Sans parler des histoires de fantasy que même les Japonais n’osent plus faire aujourd’hui – mais, pour être tout à fait honnête, les histoires de science-fiction s’en sortent guère mieux.
Alors bon, imaginons que je me retrouve avec 1) les droits du bazar, 2) un budget animation raisonnable et 3) un budget musique solide. Qu’est-ce que je ferais?
Déjà, engager un seul studio d’animation pour faire le bazar; un des intérêts de Métal Hurlant est certes d’avoir repris les styles graphiques de plusieurs illustrateurs phare de l’époque (Corben et Moebius, notamment), mais ce n’est pas une réussite. Il faudrait au minimum garder le même standard de qualité tout du long.
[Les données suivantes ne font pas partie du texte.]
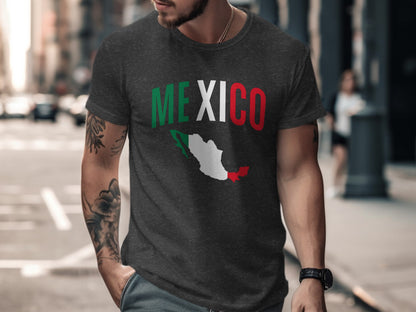 Mexico Text Map Graphic Short Sleeve T-Shirt product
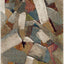 Alfombra decorativa 2'3"x4' gris abstracto moderno no pelusa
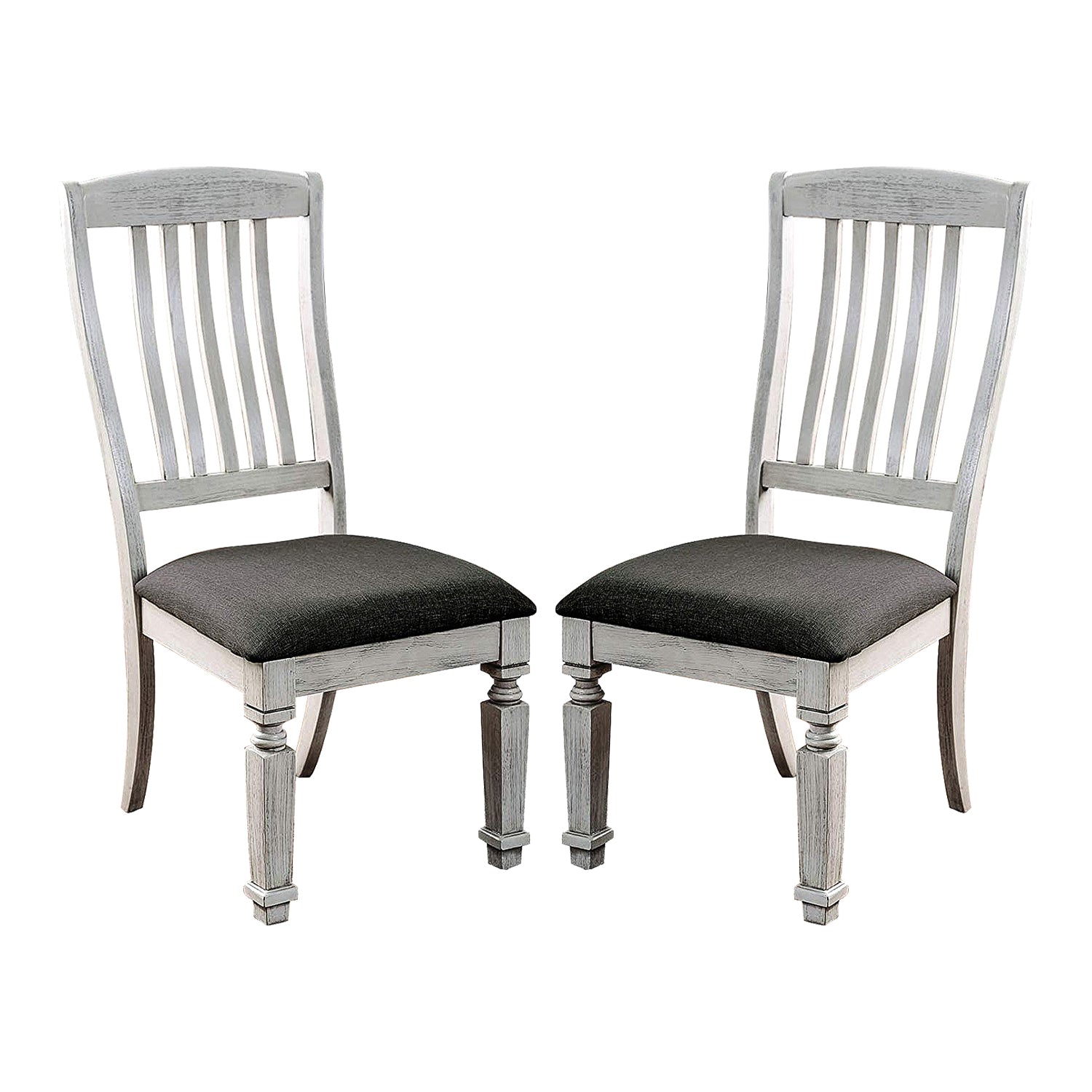 Set Of 2 Padded Fabric Seat Side Chairs In Antique White And Gray Solid Antique White Dining Room Dining Chairs Slat Back Wood Fabric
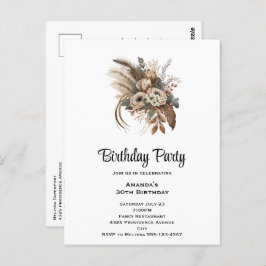 Postal Elegantes flores Foliage y Fiesta de Cumpleaños de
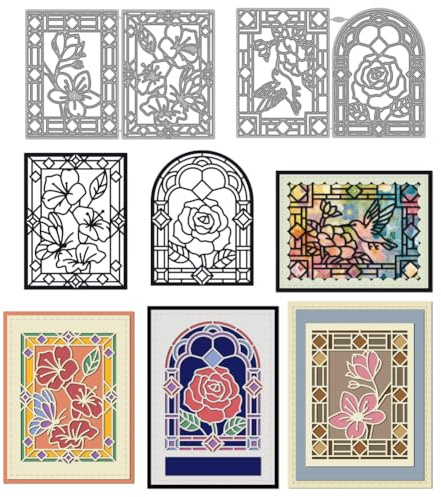 MAYJOYDIY Flower Oriental Borders Metal Cutting Dies Geometric Frame Bird Carbon Steel Stencils Arched Window Frame Embossing Template Dies for DIY Paper Craft Card Making Scrapbooking Album Decor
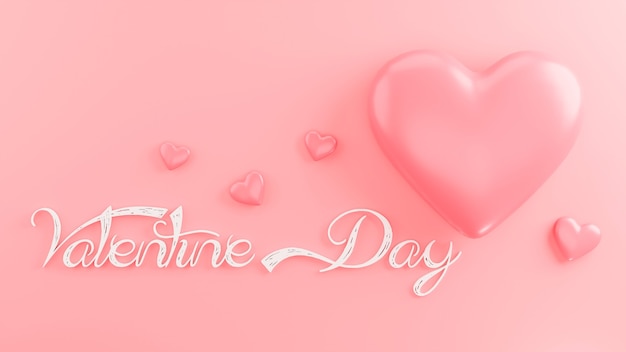 Rendering 3D di San Valentino e cuore rosa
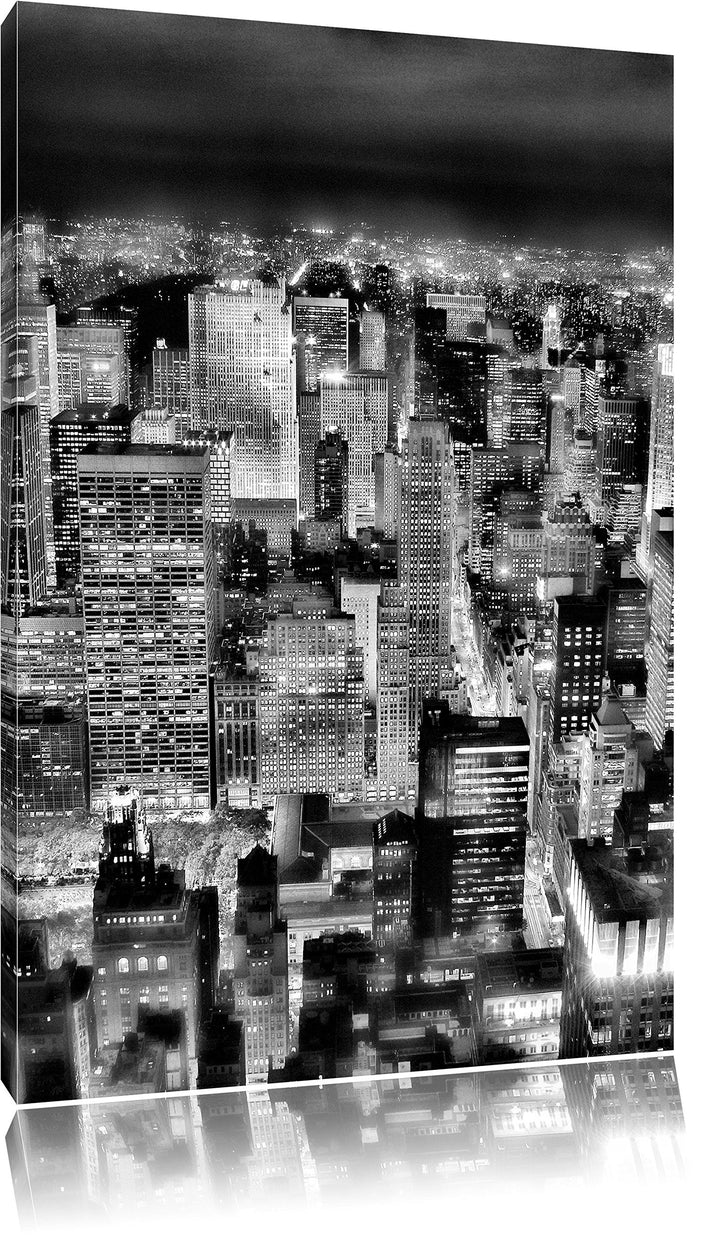 Pixxprint Nightlife Big City als Leinwandbild | Grösse: 100x70 cm | Wandbild | Kunstdruck | fertig b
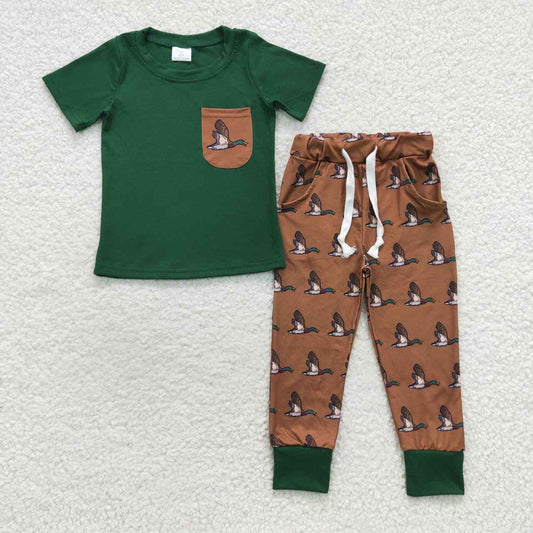 BSPO0155 Green pocket top duck print pants boys clothes set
Ensuite, virer la musique symphonique interstitielle. C’est Métal Hurlant, pas Disney Dégoulinant, merde! Ce n’est pas comme si le monde du metal contemporain manquait de talents pour de l’instrumental qui pète.
Et puis étoffer un peu le fil rouge – qui s’avère être une orbe verte, mais passons. Ce serait bien d’avoir une certaine continuité entre les sections. Et, puisqu’on en parle:
Soft Landing
S’il y a bien une scène emblématique de Métal Hurlant, c’est ce générique de folie: la navette spatiale qui glisse en silence, les portes de la soute ventrale qui s’ouvrent et qui dévoilent une Corvette pilotée par un astronaute, qui entre dans l’atmosphère, atterrit en plein désert et démarre sur les chapeaux de roue.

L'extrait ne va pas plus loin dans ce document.